- _Exercise brief_
Beneath this instruction is a listing. Transcribe from it only the stretch from the line with "A vintage camera" through the line with "A close-up shot", both end lines included, exactly as written.

- _Data for analysis_

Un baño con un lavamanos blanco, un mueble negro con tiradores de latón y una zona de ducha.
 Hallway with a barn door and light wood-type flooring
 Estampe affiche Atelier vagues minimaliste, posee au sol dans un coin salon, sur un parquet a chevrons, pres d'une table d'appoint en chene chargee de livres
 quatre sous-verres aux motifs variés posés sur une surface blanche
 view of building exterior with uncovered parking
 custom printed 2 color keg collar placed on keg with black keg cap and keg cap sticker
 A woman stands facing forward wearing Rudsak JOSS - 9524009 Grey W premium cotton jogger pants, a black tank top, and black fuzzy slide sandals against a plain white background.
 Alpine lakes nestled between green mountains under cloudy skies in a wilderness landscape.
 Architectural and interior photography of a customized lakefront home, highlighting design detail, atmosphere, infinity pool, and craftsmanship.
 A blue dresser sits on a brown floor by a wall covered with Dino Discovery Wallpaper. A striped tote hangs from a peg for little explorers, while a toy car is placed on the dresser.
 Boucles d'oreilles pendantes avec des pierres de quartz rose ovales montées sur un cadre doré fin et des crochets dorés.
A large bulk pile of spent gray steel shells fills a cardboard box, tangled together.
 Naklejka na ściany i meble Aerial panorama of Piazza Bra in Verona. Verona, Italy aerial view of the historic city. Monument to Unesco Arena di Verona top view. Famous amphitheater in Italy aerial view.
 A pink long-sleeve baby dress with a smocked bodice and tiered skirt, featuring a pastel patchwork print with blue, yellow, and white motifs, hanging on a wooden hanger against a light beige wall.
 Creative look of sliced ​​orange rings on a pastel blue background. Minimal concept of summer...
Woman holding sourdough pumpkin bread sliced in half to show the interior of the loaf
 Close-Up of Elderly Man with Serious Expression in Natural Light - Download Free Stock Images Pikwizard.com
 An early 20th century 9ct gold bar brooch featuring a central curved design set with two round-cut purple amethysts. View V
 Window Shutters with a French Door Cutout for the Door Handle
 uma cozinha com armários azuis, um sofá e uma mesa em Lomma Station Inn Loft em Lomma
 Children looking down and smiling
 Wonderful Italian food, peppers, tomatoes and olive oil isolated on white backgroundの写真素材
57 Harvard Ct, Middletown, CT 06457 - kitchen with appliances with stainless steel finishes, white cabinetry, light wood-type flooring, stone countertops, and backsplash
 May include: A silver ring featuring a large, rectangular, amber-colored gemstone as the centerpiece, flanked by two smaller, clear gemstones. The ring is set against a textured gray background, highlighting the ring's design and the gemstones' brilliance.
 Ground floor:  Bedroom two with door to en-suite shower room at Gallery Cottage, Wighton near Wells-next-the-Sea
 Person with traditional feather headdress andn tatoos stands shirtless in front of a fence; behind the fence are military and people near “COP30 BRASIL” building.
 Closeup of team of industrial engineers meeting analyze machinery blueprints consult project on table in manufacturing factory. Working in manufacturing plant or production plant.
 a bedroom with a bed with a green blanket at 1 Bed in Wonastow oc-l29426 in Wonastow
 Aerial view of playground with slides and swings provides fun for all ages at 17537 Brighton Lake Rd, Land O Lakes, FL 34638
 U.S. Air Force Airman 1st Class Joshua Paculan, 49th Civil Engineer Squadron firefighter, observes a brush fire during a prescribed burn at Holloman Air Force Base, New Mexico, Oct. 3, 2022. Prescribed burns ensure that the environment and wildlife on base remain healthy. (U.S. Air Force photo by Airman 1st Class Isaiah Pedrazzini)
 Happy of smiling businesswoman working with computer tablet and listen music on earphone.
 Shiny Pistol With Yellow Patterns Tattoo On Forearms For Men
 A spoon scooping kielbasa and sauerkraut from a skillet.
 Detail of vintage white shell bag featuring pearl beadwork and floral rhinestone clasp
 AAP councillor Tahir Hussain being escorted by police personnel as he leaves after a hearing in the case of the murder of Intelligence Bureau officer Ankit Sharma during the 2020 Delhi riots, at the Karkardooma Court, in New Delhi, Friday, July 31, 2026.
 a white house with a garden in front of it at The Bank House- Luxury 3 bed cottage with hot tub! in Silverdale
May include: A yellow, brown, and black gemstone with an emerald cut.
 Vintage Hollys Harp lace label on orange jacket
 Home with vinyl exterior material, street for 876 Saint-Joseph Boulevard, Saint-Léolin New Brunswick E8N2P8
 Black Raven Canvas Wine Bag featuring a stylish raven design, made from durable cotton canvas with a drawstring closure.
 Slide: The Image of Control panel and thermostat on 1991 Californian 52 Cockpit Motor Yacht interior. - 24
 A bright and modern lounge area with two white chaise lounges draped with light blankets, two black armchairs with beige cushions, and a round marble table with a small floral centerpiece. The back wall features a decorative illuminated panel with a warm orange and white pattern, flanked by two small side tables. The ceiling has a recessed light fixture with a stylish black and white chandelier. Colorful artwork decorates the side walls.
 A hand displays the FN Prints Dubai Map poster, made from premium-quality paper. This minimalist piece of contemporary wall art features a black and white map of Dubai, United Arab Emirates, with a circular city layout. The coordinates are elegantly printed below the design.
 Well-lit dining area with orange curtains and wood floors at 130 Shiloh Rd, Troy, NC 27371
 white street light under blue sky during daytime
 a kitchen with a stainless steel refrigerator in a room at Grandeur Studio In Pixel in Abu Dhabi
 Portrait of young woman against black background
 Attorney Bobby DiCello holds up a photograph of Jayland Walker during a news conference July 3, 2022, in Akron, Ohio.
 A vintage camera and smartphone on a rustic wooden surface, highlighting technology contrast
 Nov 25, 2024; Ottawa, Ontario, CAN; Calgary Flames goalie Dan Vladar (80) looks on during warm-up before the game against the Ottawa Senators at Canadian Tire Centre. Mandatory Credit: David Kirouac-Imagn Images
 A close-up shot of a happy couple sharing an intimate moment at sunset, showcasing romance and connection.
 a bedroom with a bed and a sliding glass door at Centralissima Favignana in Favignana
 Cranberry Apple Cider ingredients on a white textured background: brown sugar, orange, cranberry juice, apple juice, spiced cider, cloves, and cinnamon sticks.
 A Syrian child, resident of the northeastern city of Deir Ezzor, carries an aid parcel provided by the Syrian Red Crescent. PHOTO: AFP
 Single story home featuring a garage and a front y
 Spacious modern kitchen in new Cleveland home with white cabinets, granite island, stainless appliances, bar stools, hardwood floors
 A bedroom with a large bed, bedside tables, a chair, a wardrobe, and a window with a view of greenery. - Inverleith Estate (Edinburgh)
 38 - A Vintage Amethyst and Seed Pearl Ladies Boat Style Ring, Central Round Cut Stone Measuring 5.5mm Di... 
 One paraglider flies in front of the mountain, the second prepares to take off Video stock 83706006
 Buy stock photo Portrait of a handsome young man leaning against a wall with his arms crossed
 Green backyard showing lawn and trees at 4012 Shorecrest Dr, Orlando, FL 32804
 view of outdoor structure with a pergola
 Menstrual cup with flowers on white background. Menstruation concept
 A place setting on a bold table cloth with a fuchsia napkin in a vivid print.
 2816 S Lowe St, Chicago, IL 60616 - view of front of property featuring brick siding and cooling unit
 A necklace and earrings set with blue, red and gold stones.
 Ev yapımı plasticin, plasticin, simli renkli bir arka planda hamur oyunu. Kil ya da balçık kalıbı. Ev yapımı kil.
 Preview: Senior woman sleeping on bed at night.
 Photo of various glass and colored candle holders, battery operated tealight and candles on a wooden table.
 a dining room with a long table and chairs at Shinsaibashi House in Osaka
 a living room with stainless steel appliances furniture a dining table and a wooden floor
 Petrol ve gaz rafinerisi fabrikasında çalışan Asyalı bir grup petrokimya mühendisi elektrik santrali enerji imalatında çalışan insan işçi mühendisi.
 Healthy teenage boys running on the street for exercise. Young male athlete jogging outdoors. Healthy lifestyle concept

- _Task result_
 A vintage camera and smartphone on a rustic wooden surface, highlighting technology contrast
 Nov 25, 2024; Ottawa, Ontario, CAN; Calgary Flames goalie Dan Vladar (80) looks on during warm-up before the game against the Ottawa Senators at Canadian Tire Centre. Mandatory Credit: David Kirouac-Imagn Images
 A close-up shot of a happy couple sharing an intimate moment at sunset, showcasing romance and connection.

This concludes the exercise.